内的自己対話-川の畔のささめごと

日々考えていることをフランスから発信しています。自分の研究生活に関わる話題が多いですが、時に日常生活雑記も含まれます。

なぜ人は自分自身について「真実」を語らなくてはならないのか ― ミッシェル・フーコー講演集『自分自身について本当のことを言うこと』

2017-07-08 18:02:15 | 哲学

 ミッシェル・フーコーが1982年にトロントのヴィクトリア大学で行った一連の講演とそれと並行して行なわれたセミナーとの記録 Dire vrai sur soi-même, Vrin, coll. « Philosophie du présent » が今年の三月に出版された。同じ叢書の中のフーコー未公刊講演集シリーズ « Foucault inédit » の第四冊目である。
 このトロントでの講演とセミナーは、哲学を専攻する学生や哲学研究者を対象としたものではなく、記号学の研究者や学生たちを対象に行われたものである。講演やセミナーのはじめでフーコーはそのことについてのいささかの戸惑いを吐露している。
 講演の基になる原稿は仏語で書かれ、おそらくヴィクトリア大学の学生がそれを英訳し、それにまたフーコーが手を入れた英語版が講演で実際に発表された原稿であると本書の編者たちは推定している。講演は六回行われたが、第二回目以外は録音されておらず(しかも録音状態は不良)、本書に収録された仏語版テキストと実際に英語で発表された講演との間の異同については確認のしようがない。第六講演は、その原稿さえ保存されていない。
 本書には、第一回目から三回目までの講演に関しては、フーコー自身が予め準備した仏語原稿が収録されている。それを補完するように、第二回については録音からの起こした英語原稿の仏訳、第三講演については英語原稿の一部の仏訳が付加されている。それに対して第四・五講演に関しては、きわめて不完全な英語原稿しか残されていない。本書に収録されているのは編者たちによるその仏訳である。
 それに対して、四回行われたセミナーの方は全部録音されており、その音源からできるだけ忠実に起こされた英語原稿を基にした編者たちによる仏訳が本書に収録されている。このセミナーのフーコー自身の仏語原稿は残されていない。このセミナーは、講演で述べられたテーゼを裏付けるためのテキスト読解を主な内容としている。
 フーコーは、本人の弁によれば、けっして英語が得意なわけではなく、セミナー第一回目のはじめに、フランス語をよく解さない学生たちに向かって、「私が子供じみたフランス語を話すよりも、下手な英語で話すほうがいいか」と聞いたりしている。実際、学生たちの要望通り、フーコーは英語でセミナーを行った。その仏訳を通じてでも、学生たちとフーコーとの生き生きとしたやりとりは伝わって来る。
 第五回講演については、先にも述べたように、きわめて不完全な英語原稿しか残っておらず、編者たちによるその仏訳が本書に収められているだけだが、これら一連の講演とセミナーにおける中心的な問い(それは、1970年のコレージュ・ド・フランス開講講義以降、とりわけ1980年1984年の死に至るまで、フーコーにとって最も重要な問いの一つでもある)が端的な形で提示されている。
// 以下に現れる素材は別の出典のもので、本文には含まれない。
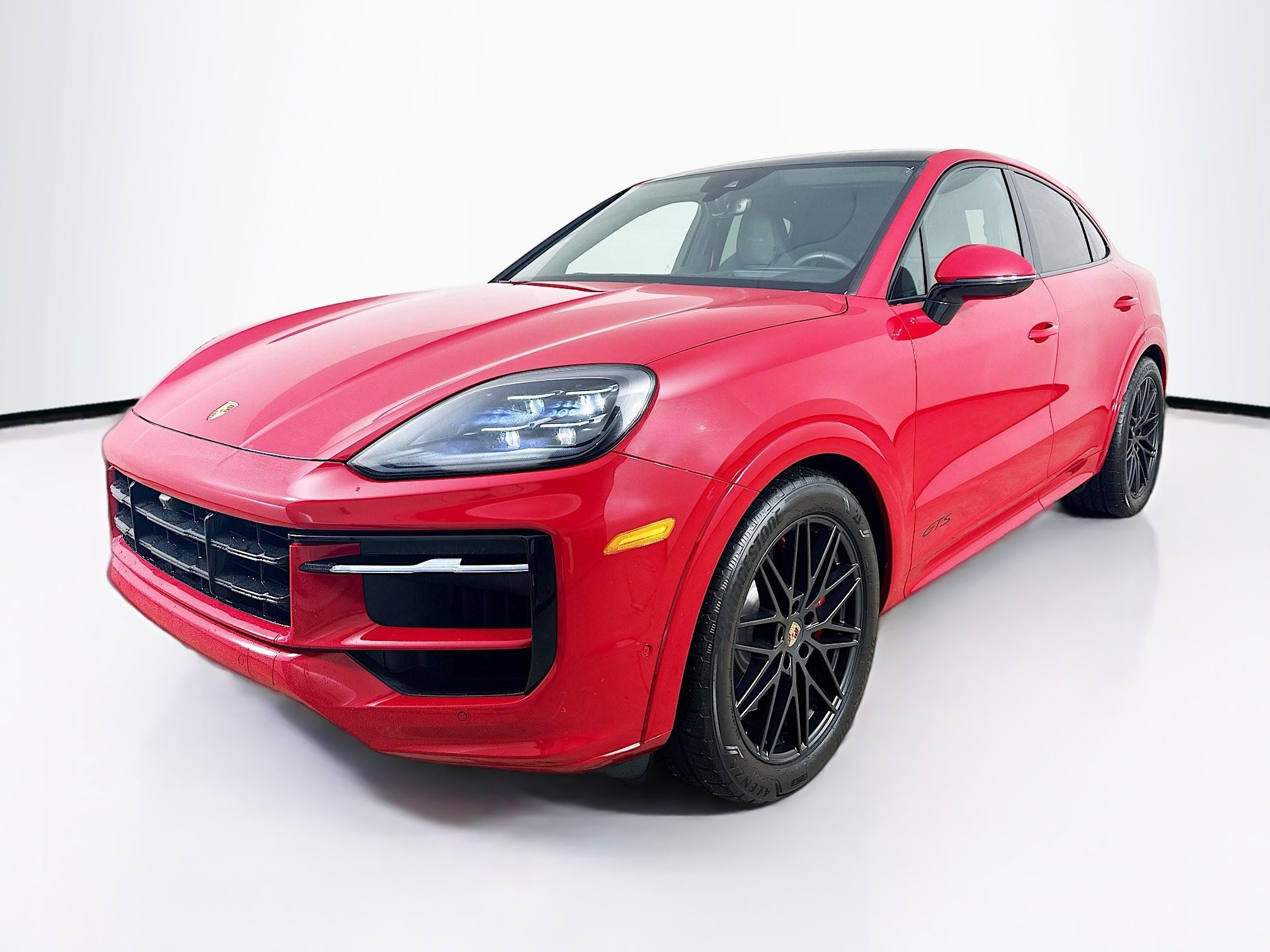 2025 Porsche Cayenne Coup GTS's photo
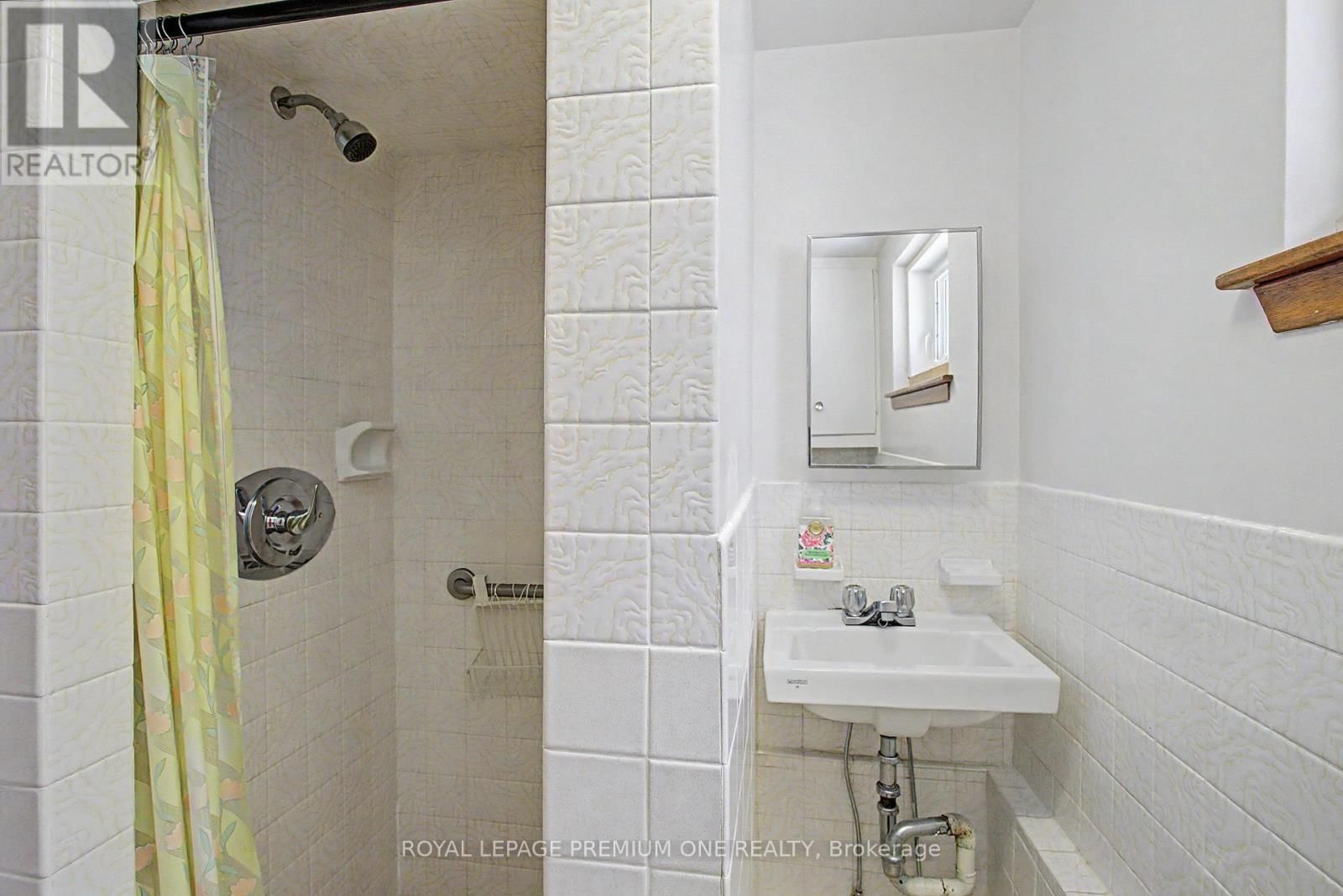 76 TAVISTOCK ROAD Image 33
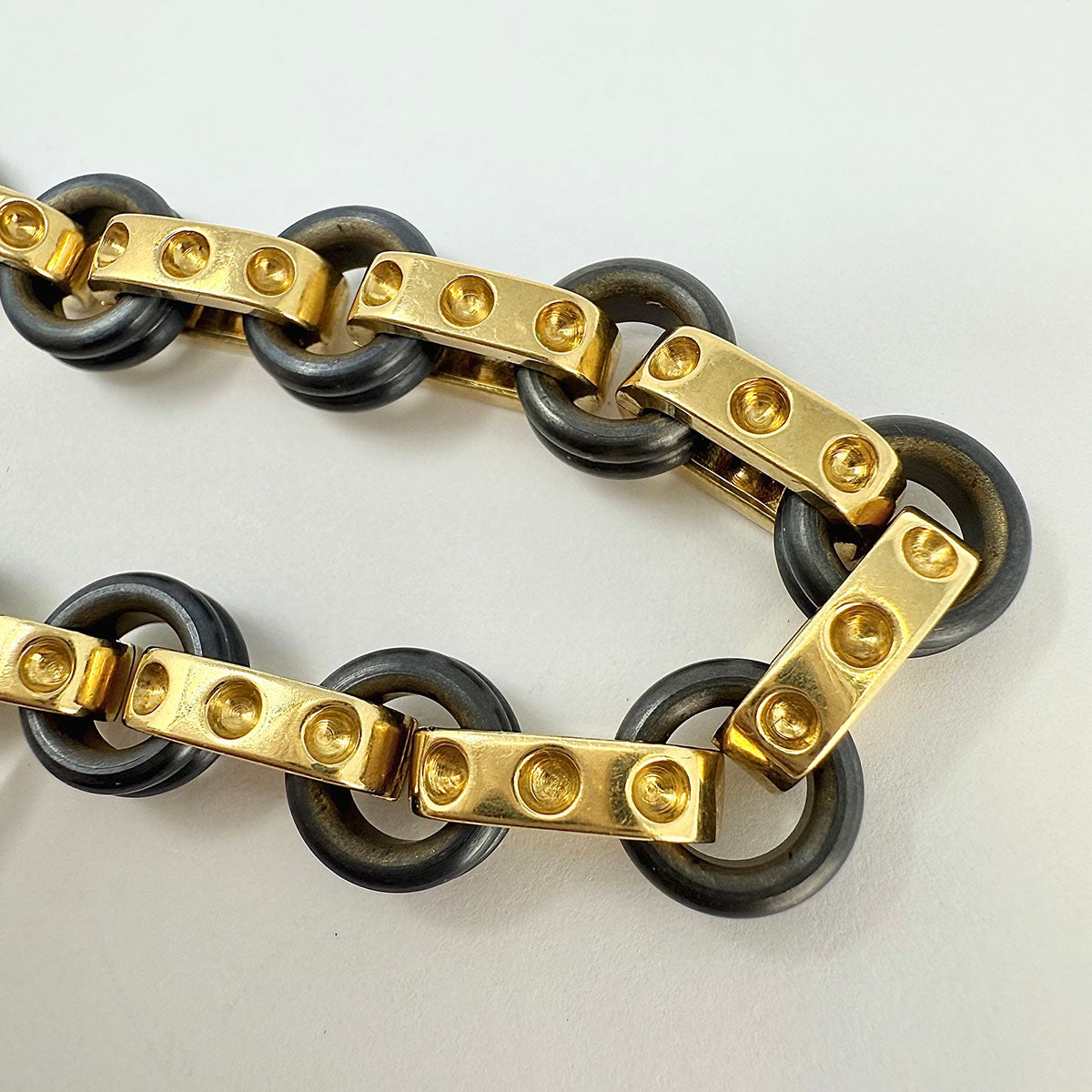 Roberto Coin 18K Gold Oval Link Bracelet for Women - Elegant Luxury Jewelry Gift for Anniversary, Birthday & Special Occasions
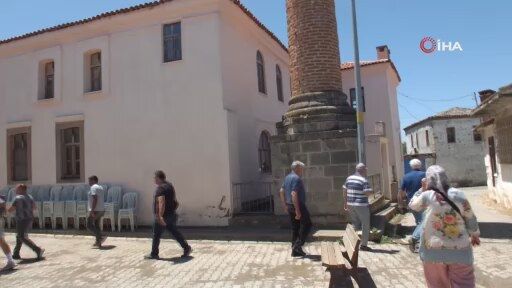 Balıkesir’de resimli cami yoğun ilgi gördü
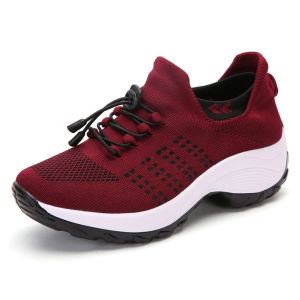 Boots Women Fashion Sneaker para Walking Fitness Sport Shoes Plataforma Chunky Altura Aumentando Supotos respiráveis Elastic Lady Trainers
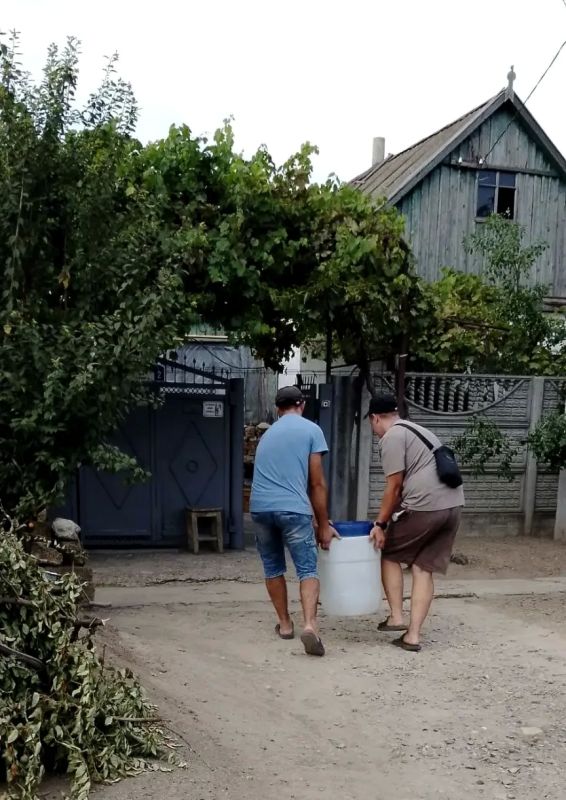 Активисты ТОС «Мечта» помогают жителям Каховки с доставкой воды Активисты ТОС «Мечта» помогают жителям Каховки с доставкой воды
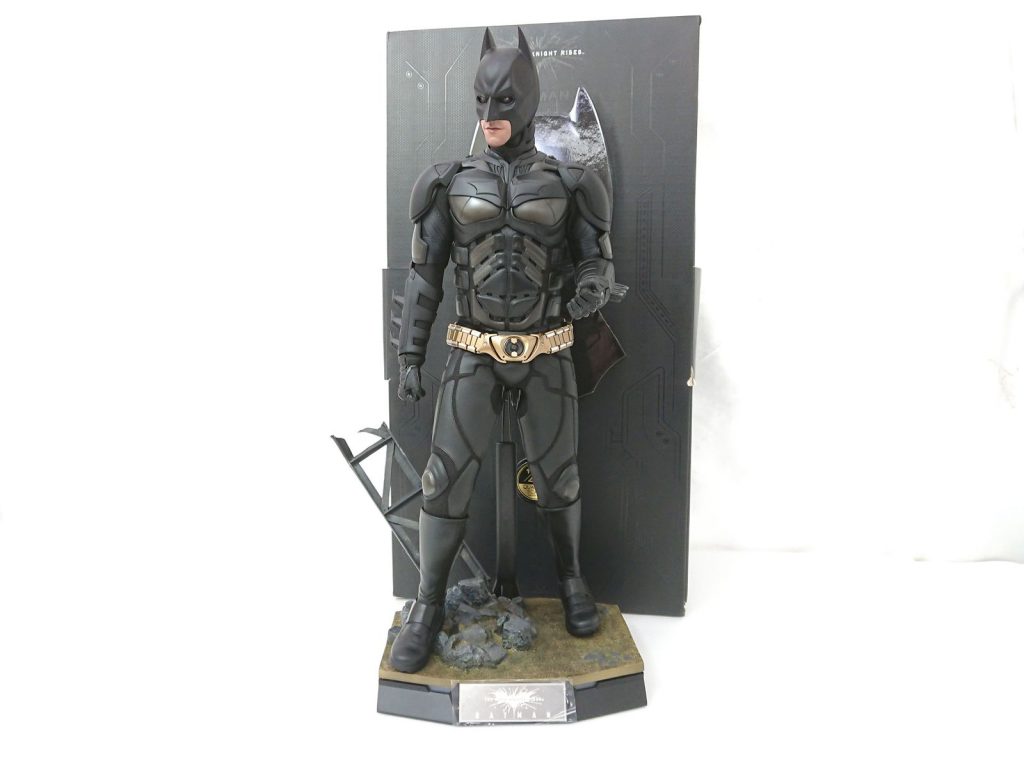 プレゼント サプライズ Hot Toys DCコミックス バットマン ビギンス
Pourquoi voulons-nous connaître la vérité ?
Pourquoi préférons-nous la vérité à l’erreur ?
Pourquoi sommes-nous obligés de dire la vérité ? Quelle est la nature de cette obligation ?

なぜ私たちは真理(真実)を知りたいと望むのか。
なぜ私たちは誤謬(過ち)よりも真理(真実)を好むのか。
なぜ私たちは真理(真実)を言う義務があるのか。この義務の本性はどのようなものなのか。

 しかし、これらの一連の問いは真理の諸条件やその内在的整合性を問うことを目的とはしていない。フーコーの問いは、なぜ私たちは真理(真実)を欲するのか、なぜ私たちは真理(真実)を言うという義務を受入れるのか、というところにある。